Jul 27,2014 - Last updated at Jul 27,2014

Jordan’s industrial sector is in deep trouble. It is in a retreat mode, producing less and selling at lower prices. One wonders how our national industry can stand up to competition, develop and grow if its output this year is 1.3 per cent lower than the previous year, while at the same time its selling prices are 3.1 per cent lower than last year. 

The above rates indicate that, on average, industry’s total sales are 4.4 per cent lower. The impact of this bad situation is made even worse when we take into consideration that the cost of production must have risen by 3.2 per cent, as did the general inflation rate. Thus, the total loss in real terms would be in the order of 7.6 per cent in one year. 

This state of affairs did not happen only this year. A similar development took place in the previous year and the year before. It is a continuous trend.  

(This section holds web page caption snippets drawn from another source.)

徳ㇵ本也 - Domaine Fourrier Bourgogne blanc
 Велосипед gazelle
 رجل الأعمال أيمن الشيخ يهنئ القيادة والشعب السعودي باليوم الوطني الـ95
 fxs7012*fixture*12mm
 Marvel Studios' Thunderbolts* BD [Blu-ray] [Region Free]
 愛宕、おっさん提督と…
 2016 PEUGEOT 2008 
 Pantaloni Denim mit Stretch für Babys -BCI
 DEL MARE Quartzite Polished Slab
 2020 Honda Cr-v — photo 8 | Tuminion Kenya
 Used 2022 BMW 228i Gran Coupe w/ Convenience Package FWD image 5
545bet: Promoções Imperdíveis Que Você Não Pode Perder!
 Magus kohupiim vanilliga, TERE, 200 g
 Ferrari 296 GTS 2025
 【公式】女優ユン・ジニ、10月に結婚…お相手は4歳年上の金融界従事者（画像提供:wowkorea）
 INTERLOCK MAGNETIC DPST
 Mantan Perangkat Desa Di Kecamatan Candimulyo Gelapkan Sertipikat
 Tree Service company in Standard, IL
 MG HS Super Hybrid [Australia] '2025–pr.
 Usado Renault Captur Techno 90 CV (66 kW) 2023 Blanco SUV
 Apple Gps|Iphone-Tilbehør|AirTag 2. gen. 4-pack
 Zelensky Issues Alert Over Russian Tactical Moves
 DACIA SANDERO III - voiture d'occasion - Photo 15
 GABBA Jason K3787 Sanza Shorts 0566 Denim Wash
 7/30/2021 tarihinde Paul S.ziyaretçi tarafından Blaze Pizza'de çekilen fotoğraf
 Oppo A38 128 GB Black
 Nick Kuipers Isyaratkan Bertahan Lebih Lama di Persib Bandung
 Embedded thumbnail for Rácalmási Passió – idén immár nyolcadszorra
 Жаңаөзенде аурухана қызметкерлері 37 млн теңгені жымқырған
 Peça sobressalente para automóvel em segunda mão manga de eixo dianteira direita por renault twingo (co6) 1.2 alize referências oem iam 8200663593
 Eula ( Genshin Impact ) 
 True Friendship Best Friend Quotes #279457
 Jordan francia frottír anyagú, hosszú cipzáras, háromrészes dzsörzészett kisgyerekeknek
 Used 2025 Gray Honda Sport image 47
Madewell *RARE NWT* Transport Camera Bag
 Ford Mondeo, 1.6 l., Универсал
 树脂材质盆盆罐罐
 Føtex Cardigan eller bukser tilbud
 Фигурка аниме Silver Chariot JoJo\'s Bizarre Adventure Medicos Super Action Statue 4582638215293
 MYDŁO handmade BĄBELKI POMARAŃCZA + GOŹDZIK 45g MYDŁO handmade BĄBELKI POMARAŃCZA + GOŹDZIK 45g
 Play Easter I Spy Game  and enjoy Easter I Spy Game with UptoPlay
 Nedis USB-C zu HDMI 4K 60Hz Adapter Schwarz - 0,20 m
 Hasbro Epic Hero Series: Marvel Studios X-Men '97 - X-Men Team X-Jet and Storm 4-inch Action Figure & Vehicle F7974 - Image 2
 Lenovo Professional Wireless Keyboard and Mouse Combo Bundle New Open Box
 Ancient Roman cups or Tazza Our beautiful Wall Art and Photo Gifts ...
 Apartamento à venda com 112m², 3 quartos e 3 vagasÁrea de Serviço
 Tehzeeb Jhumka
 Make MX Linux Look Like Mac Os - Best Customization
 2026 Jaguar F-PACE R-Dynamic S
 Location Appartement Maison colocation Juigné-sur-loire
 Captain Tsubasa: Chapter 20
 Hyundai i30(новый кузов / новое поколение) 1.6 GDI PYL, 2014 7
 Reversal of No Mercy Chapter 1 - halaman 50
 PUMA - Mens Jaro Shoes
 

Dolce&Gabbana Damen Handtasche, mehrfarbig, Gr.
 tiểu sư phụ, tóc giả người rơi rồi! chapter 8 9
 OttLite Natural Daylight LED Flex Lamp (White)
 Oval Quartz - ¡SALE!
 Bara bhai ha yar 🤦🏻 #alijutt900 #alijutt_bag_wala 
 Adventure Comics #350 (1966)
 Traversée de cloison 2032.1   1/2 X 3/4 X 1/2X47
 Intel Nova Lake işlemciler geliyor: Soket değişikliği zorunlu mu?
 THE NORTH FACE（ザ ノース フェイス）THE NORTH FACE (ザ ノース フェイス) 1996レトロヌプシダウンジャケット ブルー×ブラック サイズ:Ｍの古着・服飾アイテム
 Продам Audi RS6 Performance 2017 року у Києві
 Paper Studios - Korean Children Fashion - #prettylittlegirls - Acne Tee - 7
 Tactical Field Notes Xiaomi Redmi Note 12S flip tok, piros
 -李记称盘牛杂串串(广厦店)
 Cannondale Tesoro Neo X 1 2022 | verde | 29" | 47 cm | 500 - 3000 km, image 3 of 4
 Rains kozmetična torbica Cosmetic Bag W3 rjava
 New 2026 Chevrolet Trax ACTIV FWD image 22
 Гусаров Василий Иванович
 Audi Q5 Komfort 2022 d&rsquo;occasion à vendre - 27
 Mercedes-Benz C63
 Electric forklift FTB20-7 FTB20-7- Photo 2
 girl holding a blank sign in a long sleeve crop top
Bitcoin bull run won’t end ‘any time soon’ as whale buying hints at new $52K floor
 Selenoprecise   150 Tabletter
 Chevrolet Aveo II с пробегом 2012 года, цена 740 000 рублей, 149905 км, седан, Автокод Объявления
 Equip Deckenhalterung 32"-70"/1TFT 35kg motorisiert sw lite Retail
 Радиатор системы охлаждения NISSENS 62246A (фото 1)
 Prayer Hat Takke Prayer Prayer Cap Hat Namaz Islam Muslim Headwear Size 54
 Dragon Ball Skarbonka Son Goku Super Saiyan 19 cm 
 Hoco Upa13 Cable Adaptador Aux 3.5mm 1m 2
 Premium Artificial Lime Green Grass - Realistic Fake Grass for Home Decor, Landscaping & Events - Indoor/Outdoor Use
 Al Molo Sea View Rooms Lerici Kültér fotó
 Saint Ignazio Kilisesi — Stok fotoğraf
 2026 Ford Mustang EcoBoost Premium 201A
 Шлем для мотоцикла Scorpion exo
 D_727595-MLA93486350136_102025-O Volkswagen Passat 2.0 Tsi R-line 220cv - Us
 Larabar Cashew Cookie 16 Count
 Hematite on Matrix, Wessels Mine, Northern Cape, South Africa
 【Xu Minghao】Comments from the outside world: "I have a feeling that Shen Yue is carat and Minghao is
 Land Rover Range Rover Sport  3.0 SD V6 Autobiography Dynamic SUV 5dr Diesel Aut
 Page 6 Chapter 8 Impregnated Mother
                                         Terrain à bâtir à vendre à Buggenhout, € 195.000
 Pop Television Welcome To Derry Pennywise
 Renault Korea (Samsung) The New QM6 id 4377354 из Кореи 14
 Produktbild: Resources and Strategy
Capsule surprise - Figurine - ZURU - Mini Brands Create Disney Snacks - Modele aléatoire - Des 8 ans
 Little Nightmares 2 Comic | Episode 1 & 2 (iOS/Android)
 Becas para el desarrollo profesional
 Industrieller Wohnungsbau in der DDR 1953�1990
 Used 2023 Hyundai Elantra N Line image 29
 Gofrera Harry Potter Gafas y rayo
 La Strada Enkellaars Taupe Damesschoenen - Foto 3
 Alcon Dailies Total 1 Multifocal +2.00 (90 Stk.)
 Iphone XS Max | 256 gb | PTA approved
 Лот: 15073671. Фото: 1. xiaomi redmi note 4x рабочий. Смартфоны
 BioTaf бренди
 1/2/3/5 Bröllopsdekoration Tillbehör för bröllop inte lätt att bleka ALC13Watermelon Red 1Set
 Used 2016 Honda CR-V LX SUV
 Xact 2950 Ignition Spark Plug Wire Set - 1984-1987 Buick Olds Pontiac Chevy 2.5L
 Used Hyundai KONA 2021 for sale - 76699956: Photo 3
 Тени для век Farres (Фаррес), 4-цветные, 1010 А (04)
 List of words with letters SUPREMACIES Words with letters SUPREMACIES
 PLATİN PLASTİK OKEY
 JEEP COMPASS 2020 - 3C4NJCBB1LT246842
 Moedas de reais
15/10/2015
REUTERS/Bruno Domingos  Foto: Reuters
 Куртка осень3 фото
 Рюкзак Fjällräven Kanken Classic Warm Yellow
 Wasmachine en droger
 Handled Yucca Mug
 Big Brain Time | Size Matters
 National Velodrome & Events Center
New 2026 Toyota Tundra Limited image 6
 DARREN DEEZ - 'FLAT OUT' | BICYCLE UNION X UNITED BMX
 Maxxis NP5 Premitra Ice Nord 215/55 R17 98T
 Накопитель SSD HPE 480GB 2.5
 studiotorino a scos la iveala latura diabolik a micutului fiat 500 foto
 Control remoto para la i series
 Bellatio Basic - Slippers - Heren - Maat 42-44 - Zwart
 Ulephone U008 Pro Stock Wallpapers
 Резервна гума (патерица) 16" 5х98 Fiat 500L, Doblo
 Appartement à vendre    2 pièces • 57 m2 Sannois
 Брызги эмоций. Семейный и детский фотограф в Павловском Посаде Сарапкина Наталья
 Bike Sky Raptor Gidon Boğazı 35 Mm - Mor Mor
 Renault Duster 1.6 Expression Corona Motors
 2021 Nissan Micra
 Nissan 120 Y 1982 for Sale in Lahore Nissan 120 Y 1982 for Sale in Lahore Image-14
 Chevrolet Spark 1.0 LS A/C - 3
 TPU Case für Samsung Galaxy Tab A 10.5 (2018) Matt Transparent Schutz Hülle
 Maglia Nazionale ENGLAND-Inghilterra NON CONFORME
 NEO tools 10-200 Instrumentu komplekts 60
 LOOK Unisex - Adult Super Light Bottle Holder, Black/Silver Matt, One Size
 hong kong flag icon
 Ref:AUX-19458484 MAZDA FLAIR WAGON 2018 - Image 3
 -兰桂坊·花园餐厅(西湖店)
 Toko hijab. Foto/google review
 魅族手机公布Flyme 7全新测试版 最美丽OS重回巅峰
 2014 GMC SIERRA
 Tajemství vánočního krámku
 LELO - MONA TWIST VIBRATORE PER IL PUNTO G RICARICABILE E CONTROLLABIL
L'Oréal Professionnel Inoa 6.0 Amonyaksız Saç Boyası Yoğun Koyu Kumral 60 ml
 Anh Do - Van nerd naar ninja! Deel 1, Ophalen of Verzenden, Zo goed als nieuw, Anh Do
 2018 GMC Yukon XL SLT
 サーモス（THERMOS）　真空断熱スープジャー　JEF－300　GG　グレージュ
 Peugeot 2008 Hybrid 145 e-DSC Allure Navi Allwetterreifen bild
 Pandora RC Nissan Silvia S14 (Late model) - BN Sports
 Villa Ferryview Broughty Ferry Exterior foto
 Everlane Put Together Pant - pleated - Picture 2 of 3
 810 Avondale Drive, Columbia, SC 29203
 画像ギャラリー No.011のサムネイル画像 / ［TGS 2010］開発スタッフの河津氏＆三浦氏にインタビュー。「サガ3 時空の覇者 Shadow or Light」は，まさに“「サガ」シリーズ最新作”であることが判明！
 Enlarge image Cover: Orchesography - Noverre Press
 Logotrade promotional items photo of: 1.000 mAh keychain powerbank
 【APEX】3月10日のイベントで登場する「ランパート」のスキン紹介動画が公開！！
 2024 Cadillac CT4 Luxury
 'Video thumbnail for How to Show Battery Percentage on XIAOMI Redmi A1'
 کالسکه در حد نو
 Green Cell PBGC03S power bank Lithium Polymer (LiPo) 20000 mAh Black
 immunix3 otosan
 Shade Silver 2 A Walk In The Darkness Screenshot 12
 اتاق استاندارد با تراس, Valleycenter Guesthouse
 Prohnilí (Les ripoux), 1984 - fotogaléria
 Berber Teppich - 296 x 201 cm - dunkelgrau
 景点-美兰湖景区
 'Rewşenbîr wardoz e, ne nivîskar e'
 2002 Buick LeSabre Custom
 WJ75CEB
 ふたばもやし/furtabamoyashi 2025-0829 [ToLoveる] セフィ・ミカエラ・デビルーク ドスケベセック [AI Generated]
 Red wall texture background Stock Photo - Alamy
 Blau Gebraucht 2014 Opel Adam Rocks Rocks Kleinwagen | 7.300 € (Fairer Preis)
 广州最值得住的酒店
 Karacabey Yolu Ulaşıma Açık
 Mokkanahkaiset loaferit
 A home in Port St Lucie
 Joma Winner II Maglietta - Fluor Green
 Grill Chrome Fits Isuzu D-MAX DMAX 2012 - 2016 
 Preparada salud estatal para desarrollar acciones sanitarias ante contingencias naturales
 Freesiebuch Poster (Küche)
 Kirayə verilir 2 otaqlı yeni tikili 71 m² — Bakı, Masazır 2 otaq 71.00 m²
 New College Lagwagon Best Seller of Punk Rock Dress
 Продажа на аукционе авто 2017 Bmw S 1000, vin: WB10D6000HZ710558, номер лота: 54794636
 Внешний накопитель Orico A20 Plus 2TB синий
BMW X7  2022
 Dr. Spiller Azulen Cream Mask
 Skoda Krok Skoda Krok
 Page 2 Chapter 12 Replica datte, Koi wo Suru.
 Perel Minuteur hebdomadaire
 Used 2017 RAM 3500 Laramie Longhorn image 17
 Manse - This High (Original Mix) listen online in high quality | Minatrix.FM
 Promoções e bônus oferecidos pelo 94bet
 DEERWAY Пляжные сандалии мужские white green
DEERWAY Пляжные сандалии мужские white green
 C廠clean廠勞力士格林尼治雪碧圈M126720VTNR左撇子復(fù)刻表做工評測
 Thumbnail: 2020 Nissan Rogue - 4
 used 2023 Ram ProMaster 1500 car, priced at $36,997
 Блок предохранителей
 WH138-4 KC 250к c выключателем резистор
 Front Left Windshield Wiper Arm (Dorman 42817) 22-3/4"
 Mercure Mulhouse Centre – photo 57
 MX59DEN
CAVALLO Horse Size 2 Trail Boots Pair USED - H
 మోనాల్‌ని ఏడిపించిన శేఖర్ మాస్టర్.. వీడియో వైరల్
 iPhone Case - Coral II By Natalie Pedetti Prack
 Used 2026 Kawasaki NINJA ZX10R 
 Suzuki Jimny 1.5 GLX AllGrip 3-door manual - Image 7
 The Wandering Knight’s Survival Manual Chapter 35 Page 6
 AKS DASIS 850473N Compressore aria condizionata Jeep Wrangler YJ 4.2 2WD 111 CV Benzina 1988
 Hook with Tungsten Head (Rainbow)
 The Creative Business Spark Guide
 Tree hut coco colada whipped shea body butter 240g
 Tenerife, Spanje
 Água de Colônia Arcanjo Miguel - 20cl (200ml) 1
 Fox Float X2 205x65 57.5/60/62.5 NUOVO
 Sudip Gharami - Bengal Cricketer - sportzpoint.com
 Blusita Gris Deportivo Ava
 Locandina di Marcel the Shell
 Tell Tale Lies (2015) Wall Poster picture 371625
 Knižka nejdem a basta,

What is happening is not less than a sustained spiral retreat that calls for worry about the future of the industrial sector, which is still making the biggest contribution to the gross domestic product ahead of all other sectors, providing the highest share of exports and generating the most number of jobs.  

Jordanian industries are of small size because the local market is small. They depend heavily on imported raw material. Therefore, the value added in Jordan’s industry hardly reaches 30 per cent.

Is there a solution that the government can adopt in order to save industry? But before that, what are the major hurdles facing the sector and putting it under stress?

It is obvious that the local market is very limited, but even this small market is being overrun by industrial products imported from countries where industry is subsidised one way or another, such as Turkey and the Arab Gulf states, or from advanced industrial countries that enjoy unjustified facilities in entering the Jordanian market without restrictions.

Jordan plays the role of the loser in all free trade agreements reached with advanced countries. Local industries are still in the infant stage and not ready to meet the fierce competition and benefit from the mutual opening up of markets.

Jordan’s industry is unable to face foreign competition in its own market, let alone competition in the markets of America, Europe and the Far East, which swept the small local market with their high quality and moderately priced products made possible by high technology and large-scale production that reduces the cost.

If the survival of the national industry is to be attained and for the sector to grow, it needs some sort of protection and a review of the haphazard free trade agreements Jordan was too eager to sign with the economies of advanced countries with large-scale industries that are superior in size, quality, and price. 

Our officials signed many free trade agreements under the light of television cameras to the detriment of national industry. The result is obvious.